(Records from a data collection)
________________________________________

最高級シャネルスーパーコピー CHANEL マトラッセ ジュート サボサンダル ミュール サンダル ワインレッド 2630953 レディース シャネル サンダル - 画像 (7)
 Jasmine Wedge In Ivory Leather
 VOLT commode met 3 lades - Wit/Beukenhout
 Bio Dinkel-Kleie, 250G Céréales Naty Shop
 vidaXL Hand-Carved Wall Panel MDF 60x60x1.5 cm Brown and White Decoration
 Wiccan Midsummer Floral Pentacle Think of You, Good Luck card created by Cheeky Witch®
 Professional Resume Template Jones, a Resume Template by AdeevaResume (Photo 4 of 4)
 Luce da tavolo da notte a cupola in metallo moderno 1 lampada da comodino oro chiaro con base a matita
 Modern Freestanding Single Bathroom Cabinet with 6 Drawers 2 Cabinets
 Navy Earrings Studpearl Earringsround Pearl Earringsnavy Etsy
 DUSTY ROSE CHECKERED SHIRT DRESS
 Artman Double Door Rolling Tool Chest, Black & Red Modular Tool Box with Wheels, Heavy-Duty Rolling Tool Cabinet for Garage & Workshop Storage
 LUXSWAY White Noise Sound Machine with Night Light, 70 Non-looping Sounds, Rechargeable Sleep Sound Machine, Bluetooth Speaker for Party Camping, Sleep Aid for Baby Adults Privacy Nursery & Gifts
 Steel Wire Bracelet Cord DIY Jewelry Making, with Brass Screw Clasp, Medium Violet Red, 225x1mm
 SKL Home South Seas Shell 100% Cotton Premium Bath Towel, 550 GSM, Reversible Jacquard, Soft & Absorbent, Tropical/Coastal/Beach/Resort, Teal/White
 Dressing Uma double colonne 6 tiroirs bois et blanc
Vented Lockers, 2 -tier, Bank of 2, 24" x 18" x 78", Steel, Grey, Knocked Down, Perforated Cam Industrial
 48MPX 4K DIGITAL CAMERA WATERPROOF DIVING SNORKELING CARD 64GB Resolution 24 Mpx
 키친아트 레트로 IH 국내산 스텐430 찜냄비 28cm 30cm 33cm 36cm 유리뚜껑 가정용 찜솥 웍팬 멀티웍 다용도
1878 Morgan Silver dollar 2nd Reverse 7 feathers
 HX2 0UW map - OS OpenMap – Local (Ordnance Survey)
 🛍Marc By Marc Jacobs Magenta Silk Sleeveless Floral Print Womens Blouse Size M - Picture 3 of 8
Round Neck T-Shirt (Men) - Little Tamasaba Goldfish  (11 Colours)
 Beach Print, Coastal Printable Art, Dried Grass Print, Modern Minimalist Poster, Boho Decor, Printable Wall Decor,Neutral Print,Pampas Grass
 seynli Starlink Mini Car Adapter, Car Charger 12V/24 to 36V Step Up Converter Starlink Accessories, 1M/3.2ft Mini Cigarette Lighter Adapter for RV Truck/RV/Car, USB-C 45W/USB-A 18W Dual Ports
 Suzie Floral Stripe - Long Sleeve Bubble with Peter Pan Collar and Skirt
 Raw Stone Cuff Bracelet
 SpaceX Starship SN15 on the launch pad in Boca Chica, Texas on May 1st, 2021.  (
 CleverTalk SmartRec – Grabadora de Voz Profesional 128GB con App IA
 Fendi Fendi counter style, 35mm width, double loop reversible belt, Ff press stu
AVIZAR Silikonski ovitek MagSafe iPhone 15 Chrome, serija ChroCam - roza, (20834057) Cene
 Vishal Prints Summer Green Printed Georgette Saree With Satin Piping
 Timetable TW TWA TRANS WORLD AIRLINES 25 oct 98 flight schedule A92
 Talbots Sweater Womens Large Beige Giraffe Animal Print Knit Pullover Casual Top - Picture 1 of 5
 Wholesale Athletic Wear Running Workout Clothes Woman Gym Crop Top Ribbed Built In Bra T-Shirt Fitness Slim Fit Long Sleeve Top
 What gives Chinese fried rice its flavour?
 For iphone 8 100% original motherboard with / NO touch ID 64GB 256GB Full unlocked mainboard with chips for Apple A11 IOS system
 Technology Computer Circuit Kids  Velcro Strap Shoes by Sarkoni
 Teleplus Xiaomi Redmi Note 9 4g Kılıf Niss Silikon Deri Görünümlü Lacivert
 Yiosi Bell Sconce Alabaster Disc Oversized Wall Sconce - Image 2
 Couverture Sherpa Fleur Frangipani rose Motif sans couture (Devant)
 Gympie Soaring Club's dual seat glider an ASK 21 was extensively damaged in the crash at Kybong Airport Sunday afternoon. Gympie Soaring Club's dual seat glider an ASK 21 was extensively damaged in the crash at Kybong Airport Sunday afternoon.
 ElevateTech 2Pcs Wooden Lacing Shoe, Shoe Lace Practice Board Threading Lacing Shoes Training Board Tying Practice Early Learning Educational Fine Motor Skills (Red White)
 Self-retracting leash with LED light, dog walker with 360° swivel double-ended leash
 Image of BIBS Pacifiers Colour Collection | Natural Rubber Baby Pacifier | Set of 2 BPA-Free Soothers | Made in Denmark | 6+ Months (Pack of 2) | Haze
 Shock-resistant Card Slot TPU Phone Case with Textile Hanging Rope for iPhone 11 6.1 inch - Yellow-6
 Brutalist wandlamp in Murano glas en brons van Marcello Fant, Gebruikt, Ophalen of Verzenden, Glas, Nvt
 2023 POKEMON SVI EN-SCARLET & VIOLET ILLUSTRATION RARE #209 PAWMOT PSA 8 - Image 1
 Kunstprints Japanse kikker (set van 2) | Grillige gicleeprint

________________________________________

Please show each line in the records above that contains "Coastal".

 SKL Home South Seas Shell 100% Cotton Premium Bath Towel, 550 GSM, Reversible Jacquard, Soft & Absorbent, Tropical/Coastal/Beach/Resort, Teal/White
 Beach Print, Coastal Printable Art, Dried Grass Print, Modern Minimalist Poster, Boho Decor, Printable Wall Decor,Neutral Print,Pampas Grass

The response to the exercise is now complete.